=== Section Start ===

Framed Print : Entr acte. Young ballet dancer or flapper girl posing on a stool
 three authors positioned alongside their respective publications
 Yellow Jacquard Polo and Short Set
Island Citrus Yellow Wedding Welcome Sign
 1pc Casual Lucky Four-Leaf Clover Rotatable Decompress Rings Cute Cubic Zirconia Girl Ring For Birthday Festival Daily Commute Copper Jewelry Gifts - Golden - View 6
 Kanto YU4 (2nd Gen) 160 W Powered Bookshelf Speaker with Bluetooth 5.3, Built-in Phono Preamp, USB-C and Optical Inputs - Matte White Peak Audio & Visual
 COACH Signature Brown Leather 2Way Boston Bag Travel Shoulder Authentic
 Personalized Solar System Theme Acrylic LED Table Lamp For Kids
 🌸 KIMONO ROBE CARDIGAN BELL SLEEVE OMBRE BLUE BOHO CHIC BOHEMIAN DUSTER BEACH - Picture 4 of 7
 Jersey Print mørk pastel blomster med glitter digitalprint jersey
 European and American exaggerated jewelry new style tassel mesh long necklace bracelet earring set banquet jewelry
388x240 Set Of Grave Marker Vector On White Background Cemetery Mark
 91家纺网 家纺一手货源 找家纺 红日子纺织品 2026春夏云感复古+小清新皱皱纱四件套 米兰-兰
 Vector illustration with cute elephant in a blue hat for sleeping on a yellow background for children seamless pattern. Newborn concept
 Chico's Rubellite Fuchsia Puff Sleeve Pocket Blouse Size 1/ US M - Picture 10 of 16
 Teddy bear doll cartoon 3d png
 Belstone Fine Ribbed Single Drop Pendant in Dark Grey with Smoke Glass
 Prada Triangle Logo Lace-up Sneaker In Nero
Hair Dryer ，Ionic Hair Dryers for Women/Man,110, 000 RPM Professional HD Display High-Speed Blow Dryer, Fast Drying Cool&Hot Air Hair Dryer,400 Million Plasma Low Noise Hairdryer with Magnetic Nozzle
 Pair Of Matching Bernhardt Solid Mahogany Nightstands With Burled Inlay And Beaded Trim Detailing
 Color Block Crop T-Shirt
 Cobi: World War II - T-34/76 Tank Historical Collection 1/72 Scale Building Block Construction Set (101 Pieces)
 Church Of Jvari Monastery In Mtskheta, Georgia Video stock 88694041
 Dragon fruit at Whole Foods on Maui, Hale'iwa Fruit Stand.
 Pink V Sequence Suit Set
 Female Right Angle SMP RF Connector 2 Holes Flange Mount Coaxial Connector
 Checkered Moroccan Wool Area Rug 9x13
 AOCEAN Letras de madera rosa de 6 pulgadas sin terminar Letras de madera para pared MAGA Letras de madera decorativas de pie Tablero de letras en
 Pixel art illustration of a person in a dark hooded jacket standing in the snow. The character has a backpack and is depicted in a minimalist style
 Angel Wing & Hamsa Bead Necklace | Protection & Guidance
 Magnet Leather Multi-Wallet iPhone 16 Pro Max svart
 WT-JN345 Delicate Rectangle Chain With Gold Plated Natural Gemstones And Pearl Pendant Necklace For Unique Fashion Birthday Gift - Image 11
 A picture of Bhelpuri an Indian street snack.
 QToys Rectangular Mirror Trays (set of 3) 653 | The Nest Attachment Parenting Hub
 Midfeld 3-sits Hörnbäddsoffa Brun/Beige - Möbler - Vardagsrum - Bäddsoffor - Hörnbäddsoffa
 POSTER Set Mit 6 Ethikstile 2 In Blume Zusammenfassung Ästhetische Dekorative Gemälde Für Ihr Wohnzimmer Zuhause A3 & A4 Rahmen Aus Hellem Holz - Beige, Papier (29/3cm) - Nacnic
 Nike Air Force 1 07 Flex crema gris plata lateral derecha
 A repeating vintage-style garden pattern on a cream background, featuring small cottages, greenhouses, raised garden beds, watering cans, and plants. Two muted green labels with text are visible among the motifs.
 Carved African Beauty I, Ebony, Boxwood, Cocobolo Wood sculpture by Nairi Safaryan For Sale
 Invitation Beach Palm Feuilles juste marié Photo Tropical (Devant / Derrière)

=== Section End ===

» **TRY IT**
Which lines above contain the word "Vector"? Copy each of them.

» **TASK OUTPUT**
388x240 Set Of Grave Marker Vector On White Background Cemetery Mark
 Vector illustration with cute elephant in a blue hat for sleeping on a yellow background for children seamless pattern. Newborn concept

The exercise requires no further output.